Pojawiła się ta przeszywająca groza i lęk przed nieznanym i nieobliczalnym, które towarzyszą mi podczas seansów chyba wszystkich filmów Davida Lyncha. Tym razem jednak wyraźnie poczułam, że ten film to klucz do zrozumienia USA - kraju zbudowanego na masakrze rdzennej ludności i zwierząt oraz na bestialstwach niewolnictwa, którego pokłosie przecież nadal ma się nie najgorzej. Wystarczy wspomnieć o ruchu Black lives matter. Zobaczyłam i poczułam koszmar dusznego społeczeństwa opartego na konwenansach i pozorach, na zbrojach garniturów, na maskach, pod którymi nie wiadomo co się kryje. Człowiek tak silnie opancerzony jest zdany na brak relacji i emocjonalny chłód.

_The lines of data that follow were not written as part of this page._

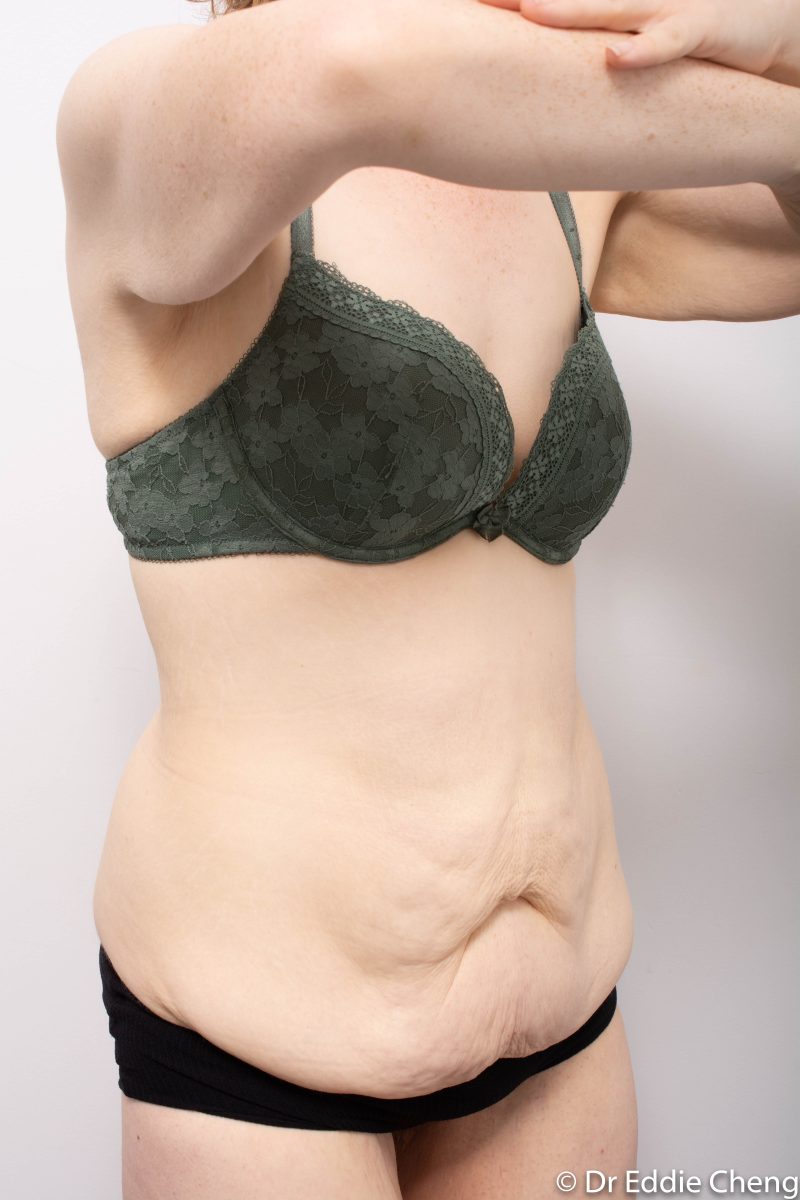 Abdominoplasty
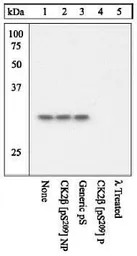 Casein Kinase 2 beta (phospho 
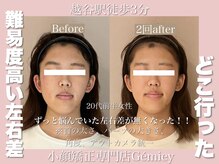 ジェイミー(Gemiey)/左右差でお悩みのお客様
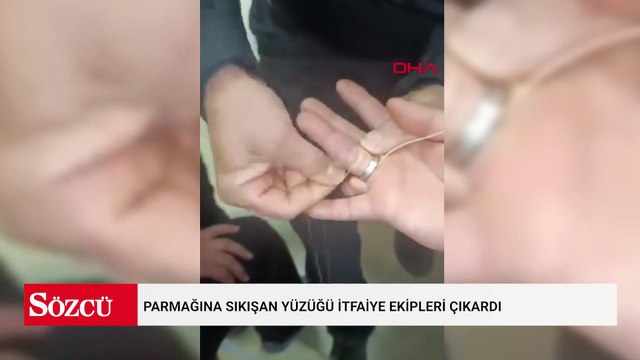 Parmağına sıkışan yüzüğü itfaiye ekipleri çıkardı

Atmosfera filmu oraz wypowiadane tam sekwencje wprawiają w stan niepokoju i oczekiwania. Powstaje poczucie, że coś strasznego się dzieje albo zaraz się wydarzy, a przecież przedstawiono tam tylko bardzo codzienne czynności. Specyficzne oświetlenie w zestawieniu z wywołującą napięcie muzyką sprawia, że postrzegamy tę codzienność jako koszmar. Powstał film z gatunku horroru. Tyle że ten koszmar rozgrywa się w nas - na podstawie klisz kultury popularnej (np. długie cienie i muzyka) i - tak - naszych własnych doświadczeń.
W tym sensie film Rabbits przywodzi na myśl moją ulubioną metaforę obchodów świąt Bożego Narodzenia w Polsce, którą - cóż za koincydencja - New Yorker umieścił na okładce pierwszego numeru w 2018 roku:


Wszyscy udajemy, że na środku salonu nie ma słonia.
Tak jak społeczeństwo (tutaj akurat amerykańskie) udaje, że wszystko jest cacy.

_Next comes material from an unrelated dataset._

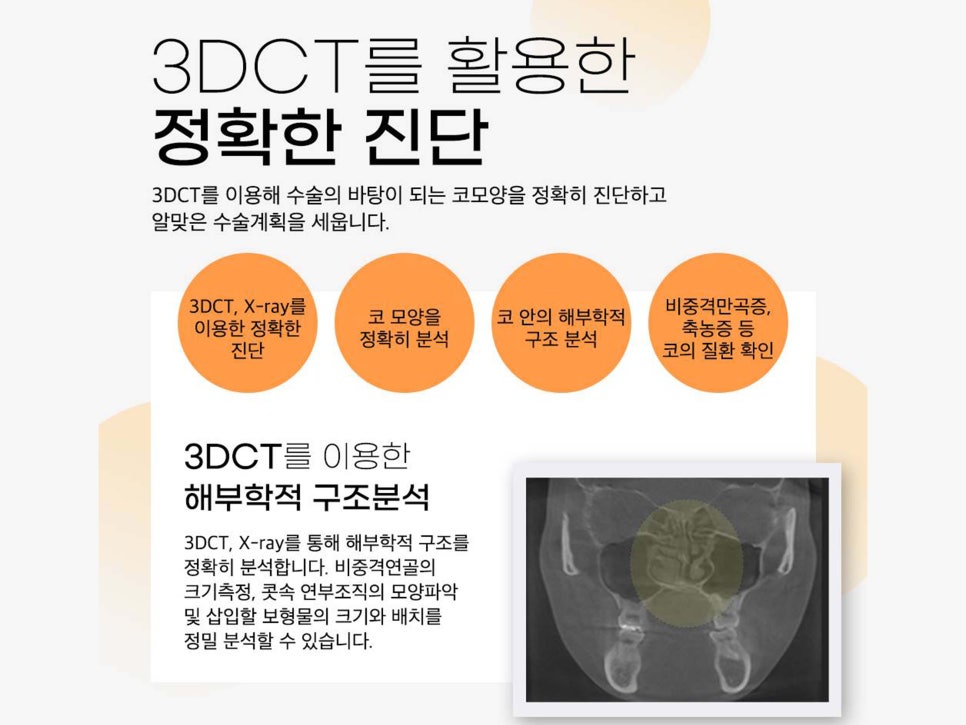 매부리코수술후기 올바른 라인으로 관련 이미지 14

W drugiej sali już nie jest tak subtelnie. Wystawiane tam obrazy przedstawiają między innymi sceny przemocy w ognisku domowym - w sensie dosłownym, gdyż Lynch całkiem często sięga po temat ognia, spalenia, podpalenia. Mamy tu sceny przedstawiające osoby, którym puściły nerwy i wszelkie hamulce. To obraz duszy zbiorowej społeczeństwa, w którym co i rusz jakiś przeciętny przedstawiciel klasy średniej dokonuje masakry na ludności cywilnej.
David Lynch pozwala nam zajrzeć za kulisy tych wydarzeń. Tutaj możemy zobaczyć, jaka codzienność być może poprzedza te akty szaleństwa.
Tytuły obrazów to scenki z koszmaru życia rodzinnego:

Woman with a broken neck and an electric knife speaks to her husband
"Change the fucking channel, fuckface"

czy


Bob loves Sally until she is blue in the face


David Lynch zdaje się być arcywrażliwym przekaźnikiem, który wydobywa na zewnątrz to, co społeczeństwo amerykańskie kryje w szafach, pod dywanami i pod pierzynką. Artysta zagląda do salonów i sypialni, wywraca społeczeństwo na drugą stronę i prezentuje nam ohydne bebechy. Wygląda na to, że ma silną potrzebę wyrzucenia z siebie, zwymiotowania wręcz, całej tej mieszanki okropieństw.
Rozumiem Go doskonale!
W końcu miałam tę samą potrzebę, kiedy tylko weszłam w tę przestrzeń.


Sztuka nowoczesna/współczesna przemawia językiem emocji i potrafi mieć walory wybitnie edukacyjne nie używając akademickich metod nauczania. Często nie dociera ona do publiczności poprzez intelekt, lecz poprzez ciało. I tutaj taki drobny haczyk - warunkiem jest chociażby podstawowy kontakt odbiorczyni/odbiorcy ze swoim ciałem. Jeszcze kilka lat temu prawdopodobnie nie powiązałabym skurczy żołądka z upiorną sztuką. Dziś, zapoznana z metodami Reicha czy Lowena, dostrzegam tę kauzalność.


"Ten Lynch to są rzygi, nie wystawa" - powiedział AleMężczyzna już przy szatni, ale później jeszcze długo rozmawialiśmy o tej wystawie. I o to chodzi.